The jury came back with $690K.
Now this is where New York’s legislature should take note, because some problems in Alabama (and elsewhere) are no different than here. Judge Hall noted that the rules were designed for the just, speedy an inexpensive determination of actions. That same theory, though the actual language may differ among states, permeates every courthouse and judicial system. In essence, don’t waste our time, or that of our citizens who must sit jury duty.
After that $690K verdict, plaintiff’s counsel asked for $5K in costs and $52K in legal fees in addition to the $75K policy.
Nope. Not as per Judge Hall. No way. She would not do that.
Two days ago she walloped them, instead, with a $620K sanction. In doing so she noted that Allstate was a repeat offender. And she needed some way to make its conduct stop.
The requested relief, the court wrote, was “inadequate to accomplish the dual purposes of addressing the burden placed on the Plaintiff and addressing the overarching effects of Allstate’s conduct upon the Courts of Alabama, civil litigants, witnesses, and Alabama citizens who must serve on juries every time Allstate behaves in this fashion.”
You can rest assured that Allstate will not try that trick in her courtroom again.
Now it’s New York’s turn. When will our Legislature give us a bad faith law with actual teeth? We are about to see the Mother of All Backlogs in our court due to the virus. It will be exacerbated by insurance company delays. And if/when we get to trial, injured New Yorkers are left looking at carriers offering 50-70 cents on the dollar in some cases, even when the liability is clear.

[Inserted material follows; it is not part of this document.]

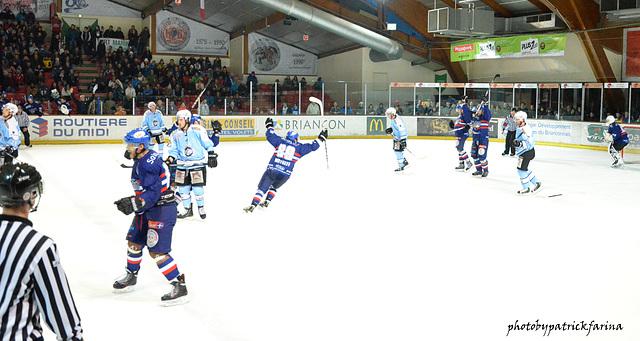 Briançon  1 - 2 Brest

How will New York deal with the effects of deliberate insurance company delays upon the courts, civil litigants, witnesses, and New York citizens who must serve on juries every time an insurer behaves in this fashion?
Adding insult to injury, New York is likely to see a massive financial strain due to the virus. Albany may well be increasing taxes and decreasing services to balance the budget. There’s little question the justice system will take a further beating on top of what is going on now.
So dear Legislators, please finally pass a bad faith law. With real teeth. Let the judges start enforcing it.
You have the power to make the backlog disappear, stop bad faith and bring long-awaited justice to those that seek it. And help save the State some money in the process.